Uganda's president, Yoweri Museveni, is not taking part in Thursday's peace talks on Congo. Uganda supports several Congolese rebel groups and has its own troops far inside the country.

Uganda's leader is staying home to campaign in an increasingly close election. His nearest rival, one-time ally Kizza Besigye, is just four percentage points behind him.

President Yoweri Museveni has consistently pushed this Lusaka peace process as the only way forward for Congo. But political realities at home appear to have forced the Ugandan leader to send his international affairs minister to Zambia instead.

The president is in the final weeks of an increasingly tough campaign for re-election. He is scheduled to hold a series of political rallies in northern Uganda while his neighboring heads of state meet to discuss Congo's civil war.

President Museveni has been an active participant in the Congolese conflict over the last few years. Uganda and Rwanda backed the rebellion that toppled Zairian dictator Mobutu Sese Seko and put in power Laurent Kabila. When relations there soured, President Museveni helped anti-Kabila rebels launch their war two-and-a-half-years ago.

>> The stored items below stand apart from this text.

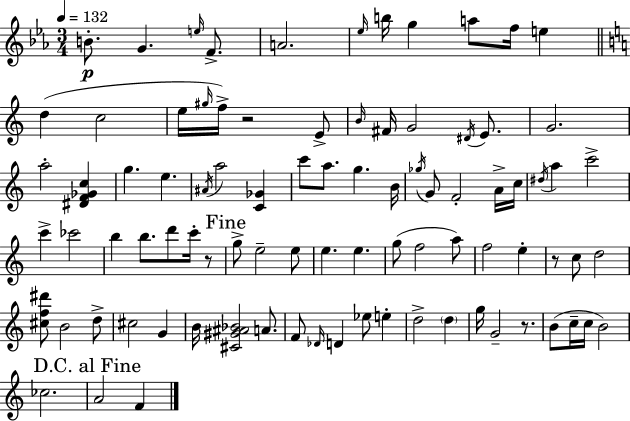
{
  \clef treble
  \numericTimeSignature
  \time 3/4
  \key ees \major
  \tempo 4 = 132
  \repeat volta 2 { b'8.-.\p g'4. \grace { e''16 } f'8.-> | a'2. | \grace { ees''16 } b''16 g''4 a''8 f''16 e''4 | \bar "||" \break \key c \major d''4( c''2 | e''16 \grace { gis''16 } f''16->) r2 e'8-> | \grace { b'16 } fis'16 g'2 \acciaccatura { dis'16 } | e'8. g'2. | \break a''2-. <dis' f' ges' c''>4 | g''4. e''4. | \acciaccatura { ais'16 } a''2 | <c' ges'>4 c'''8 a''8. g''4. | \break b'16 \acciaccatura { ges''16 } g'8 f'2-. | a'16-> c''16 \acciaccatura { dis''16 } a''4 c'''2-> | c'''4-> ces'''2 | b''4 b''8. | \break d'''8 c'''16-. r8 \mark "Fine" g''8-> e''2-- | e''8 e''4. | e''4. g''8( f''2 | a''8) f''2 | \break e''4-. r8 c''8 d''2 | <cis'' f'' dis'''>8 b'2 | d''8-> cis''2 | g'4 b'16 <cis' gis' ais' bes'>2 | \break a'8. f'8 \grace { des'16 } d'4 | ees''8 e''4-. d''2-> | \parenthesize d''4 g''16 g'2-- | r8. b'8( c''16-- c''16 b'2) | \break ces''2. | \mark "D.C. al Fine" a'2 | f'4 } \bar "|."
}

In an interview with VOA last month, President Museveni said the mistake in the first war was that rebel supporters did not insist on Congolese politicians organizing themselves before the fall of the Mobutu government in Kinshasa. Without this inter-Congolese dialogue as outlined in the Lusaka accord, President Museveni believes there will be no lasting peace. "Mobutu was not fought by Kabila. Mobutu was fought by external forces, especially Rwanda," Museveni continued. "I think therefore the mistake was not to insist on a Congolese dialogue, an inter-Congolese dialogue before the fall of Kinshasa. That was the mistake. And now it may be the same mistake if we do not insist on an inter-Congolese dialogue and we go off with any permutations of other solutions. We shall end up with the sort of problem of Mobutu," Museveni said.

President Museveni has justified his army's involvement in Congo as a national security issue. The army has been active against cross-border raids by militiamen in the Rwenzori mountians. But Ugandan troops are also far inside Congo. The involvement has become less popular at home following a series of scandals about army profiteering and abuse of power.

Retired army colonel Kizza Besigye has used Congo and corruption in general to attack President Museveni's bid for another five years in office. Opinion polls show the president's lead over Mr. Besigye narrowing ahead of the March 7 election.